Constituent Services Manager Sevastian Gurulé says most complaints inside city limits tend toward the mundane—“weeds, trash, litter” and, especially during election season, leftover campaign signs. “I have not seen one [complaint] that is outrageous,” Gurulé says. With five enforcement officers, he says, the city can usually have an inspector visit a complaint site within 24 hours. “I think we’ve done a pretty good job keeping up,” Gurulé tells SFR .
Yet, like the county's, it's a system that depends on constituents to alert enforcement officers.
108 Candelario St.
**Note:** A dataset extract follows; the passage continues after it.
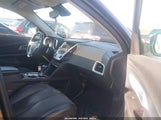 Chevrolet Equinox Lt 2GNFLFEKXH6271253 fotografie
Filed: Dec. 8, 2009 Alleged violation: building without a proper permit Status: pending a hearing later this month with a city appeals officer Complaint: Before Janet Lowe began remodeling her historic home last summer, she says she jumped through every city hoop: building permits, inspections, public notice and the approval of the city's Historic Design Review Board.
Janet Lowe's second-floor portal at 108 Candelario St. has led to complaints and neighborhood controversy.
But four months after construction started, Lowe's next-door neighbor, Patricia Conoway, wrote a letter to the city in protest. Though Conoway worried that a second-floor deck Lowe was building would "set a precedent" for outsize houses in historic districts, her chief concern wasn't the deck itself—rather that the city allowed it without properly notifying the public.
"They didn't follow their own rules," Conoway says. City officials ultimately conceded that the public hearing announcement posted on Lowe's fence didn't have a date or contact phone number and made Lowe reapply. The deck was reapproved in March, but Conoway has appealed it.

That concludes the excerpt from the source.